§ AIM OF THE EXERCISE:
Give back the full listing verbatim, apart from its images.

§ PROVIDED DATA:
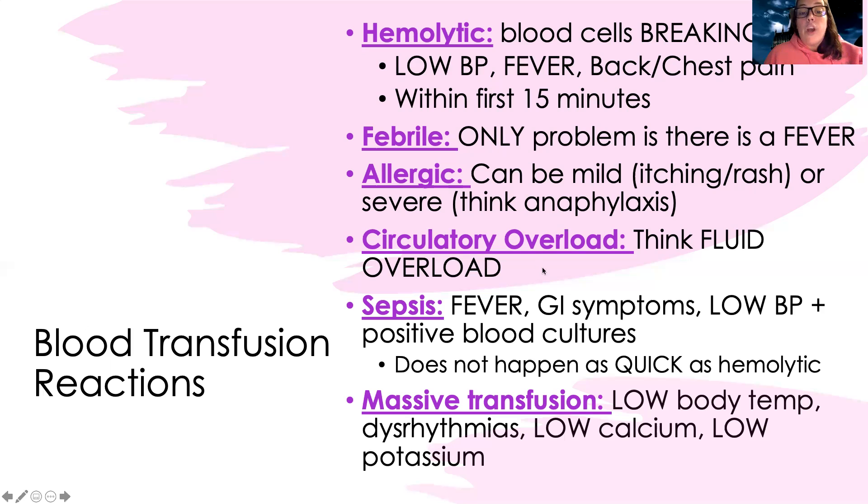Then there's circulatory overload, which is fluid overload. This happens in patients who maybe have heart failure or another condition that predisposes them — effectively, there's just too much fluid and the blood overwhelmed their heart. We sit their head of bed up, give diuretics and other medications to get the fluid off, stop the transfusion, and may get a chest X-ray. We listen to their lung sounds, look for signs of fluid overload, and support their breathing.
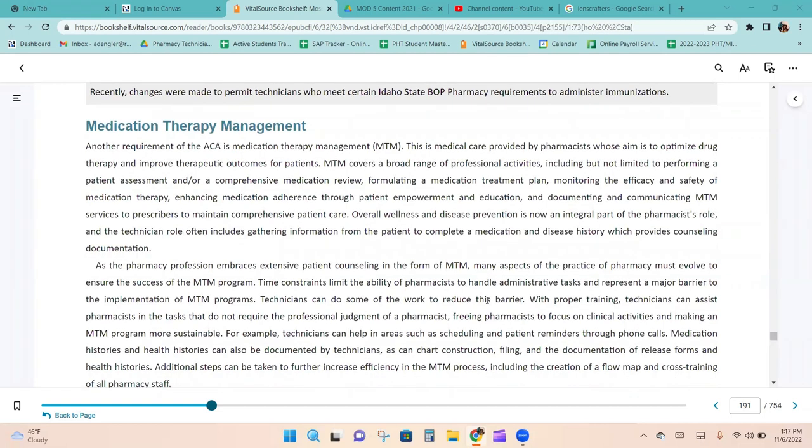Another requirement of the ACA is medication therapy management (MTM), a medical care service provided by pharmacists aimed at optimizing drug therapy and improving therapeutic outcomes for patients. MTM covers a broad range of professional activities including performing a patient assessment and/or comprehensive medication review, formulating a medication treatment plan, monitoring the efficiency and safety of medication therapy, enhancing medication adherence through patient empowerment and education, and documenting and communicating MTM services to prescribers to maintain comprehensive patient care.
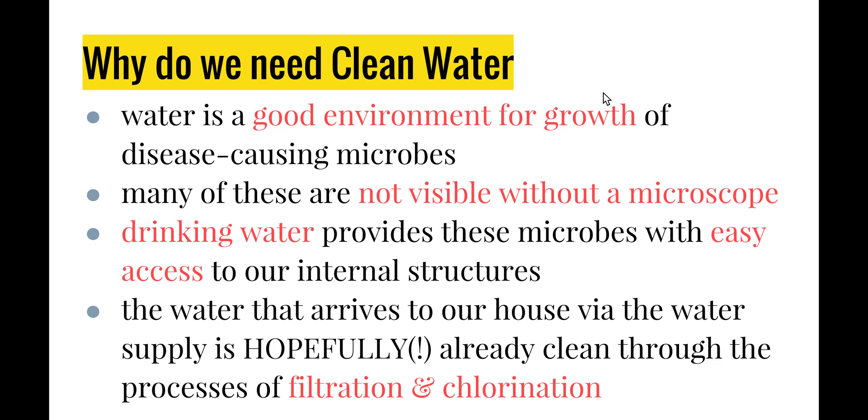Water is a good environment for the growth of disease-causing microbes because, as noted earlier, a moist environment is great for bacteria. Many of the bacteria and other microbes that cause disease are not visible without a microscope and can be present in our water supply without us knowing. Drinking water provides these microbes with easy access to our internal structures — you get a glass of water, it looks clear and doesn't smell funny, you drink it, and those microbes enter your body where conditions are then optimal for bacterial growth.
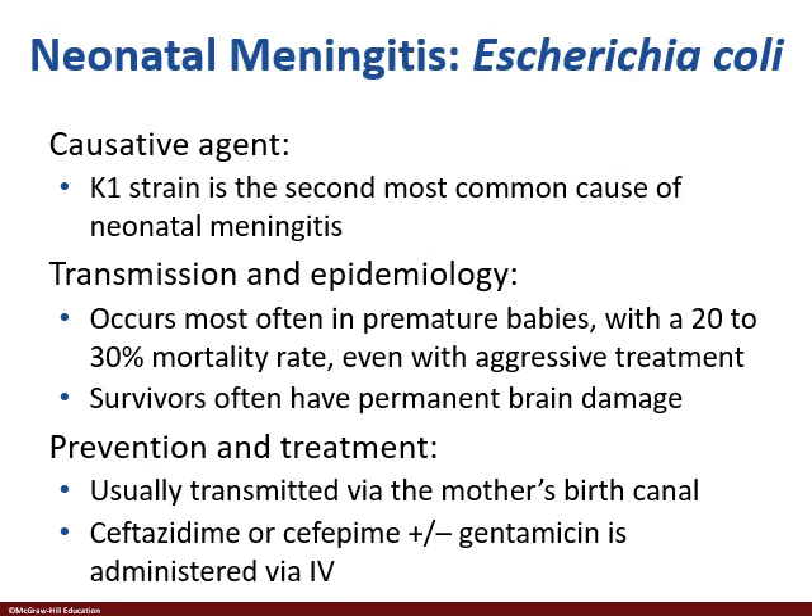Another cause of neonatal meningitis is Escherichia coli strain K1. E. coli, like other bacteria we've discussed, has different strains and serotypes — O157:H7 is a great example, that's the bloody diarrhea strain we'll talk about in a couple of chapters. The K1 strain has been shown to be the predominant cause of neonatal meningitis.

§ EXERCISE ANSWER:
Then there's circulatory overload, which is fluid overload. This happens in patients who maybe have heart failure or another condition that predisposes them — effectively, there's just too much fluid and the blood overwhelmed their heart. We sit their head of bed up, give diuretics and other medications to get the fluid off, stop the transfusion, and may get a chest X-ray. We listen to their lung sounds, look for signs of fluid overload, and support their breathing.
Another requirement of the ACA is medication therapy management (MTM), a medical care service provided by pharmacists aimed at optimizing drug therapy and improving therapeutic outcomes for patients. MTM covers a broad range of professional activities including performing a patient assessment and/or comprehensive medication review, formulating a medication treatment plan, monitoring the efficiency and safety of medication therapy, enhancing medication adherence through patient empowerment and education, and documenting and communicating MTM services to prescribers to maintain comprehensive patient care.
Water is a good environment for the growth of disease-causing microbes because, as noted earlier, a moist environment is great for bacteria. Many of the bacteria and other microbes that cause disease are not visible without a microscope and can be present in our water supply without us knowing. Drinking water provides these microbes with easy access to our internal structures — you get a glass of water, it looks clear and doesn't smell funny, you drink it, and those microbes enter your body where conditions are then optimal for bacterial growth.
Another cause of neonatal meningitis is Escherichia coli strain K1. E. coli, like other bacteria we've discussed, has different strains and serotypes — O157:H7 is a great example, that's the bloody diarrhea strain we'll talk about in a couple of chapters. The K1 strain has been shown to be the predominant cause of neonatal meningitis.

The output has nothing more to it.